Por su parte, Clemente Airó, escritor de los más olvidados del exilio, aunque bastante reconocido en Colombia, su patria de adopción, describe en «El hechizado» la fascinación enfermiza de un refugiado español por la mulata Mercedes, y Ramón J. Sender, en «El buitre», adopta la atípica focalización de un ave carroñera que devora el cadáver de un hombre.
El último apartado del libro lleva por título «La vuelta imposible». El filósofo Adolfo Sánchez Vázquez, tan cargado de galardones mexicanos como poco leído en España, trató en su ensayo «Fin del exilio y exilio sin fin» el trauma del regreso para el desterrado político y Max Aub dedicó a éste su trilogía dramática Las vueltas. De los cuatro relatos escogidos, el primero, «La luz en la ventana», del salmantino Jesús Izcaray, se distingue por su tono militante: el protagonista, miembro del Partido Comunista Español, ha retornado de incógnito, jugándose la vida, para organizar una célula en una fábrica, pero pasea de forma temeraria bajo la ventana de la vivienda de su esposa y su hijo, a los que se priva de verse. Pese a lo doloroso de la situación, el anónimo personaje camina «ligero y leve, como si lo llevase en volandas aquella fuerza que lo empujaba», obviamente, la de la historia que debía ir en su favor. Los relatos siguientes, en cambio, presentan una imagen de amargo desencanto. En «La mujer de Fabián», el jienense Manuel Andújar presenta, desde la primera persona y desde la llegada de su protagonista a España, ese desajuste con sus compatriotas, en un estilo, como siempre, algo ampuloso: «Descubrí, y la sensación infundía extraño aplomo, que mi memoria había cambiado. Las percepciones reales no armonizaban con las imágenes —estampas, a veces— que custodié. Los desniveles de tono y de color significaban una transformación cualitativa».

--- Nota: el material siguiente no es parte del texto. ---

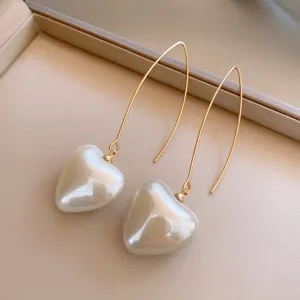 Gros plan détaillé de boucles d'oreilles pendantes dorées avec des perles brillantes.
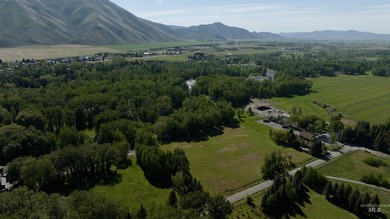 Explore this rare 14-acre riverfront property spanning both - photo 4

Mucho más natural y auténtico es «El regreso», de Francisco Ayala, donde narra la vuelta de un exiliado gallego a Santiago, su impresión al saber que uno de sus amigos había dirigido el grupo que pretendía prenderlo para ejecutarlo y su búsqueda obsesiva del mismo, sólo para descubrir que la suerte de éste no fue mejor que la suya. Cierra la antología «El remate», de Max Aub, relato hecho de unos «diálogos entre exiliados» mucho más desesperados que los de Bertolt Brecht: el narrador, exiliado en Francia, en cuya sociedad se ha integrado, recibe la visita de Remigio, escritor exiliado en México y con muchos rasgos en común con Max Aub. El encuentro despertará los amarguísimos recuerdos de la despiadada represión en Sevilla, a la que el protagonista sobrevivió de milagro, que revive a la vez que lee el encomiástico artículo que el ABC dedica a Queipo de Llano en su fallecimiento.
Aunque es de lamentar que esta selección no referencie los libros de los que se han extraído los relatos, sin duda incita a ampliar la lectura de autores tan valiosos como poco conocidos, muchas de cuyas obras resultan inaccesibles hoy en día. Esta antología demuestra la urgencia de la reivindicación de esa otra literatura española escrita bajo otros cielos.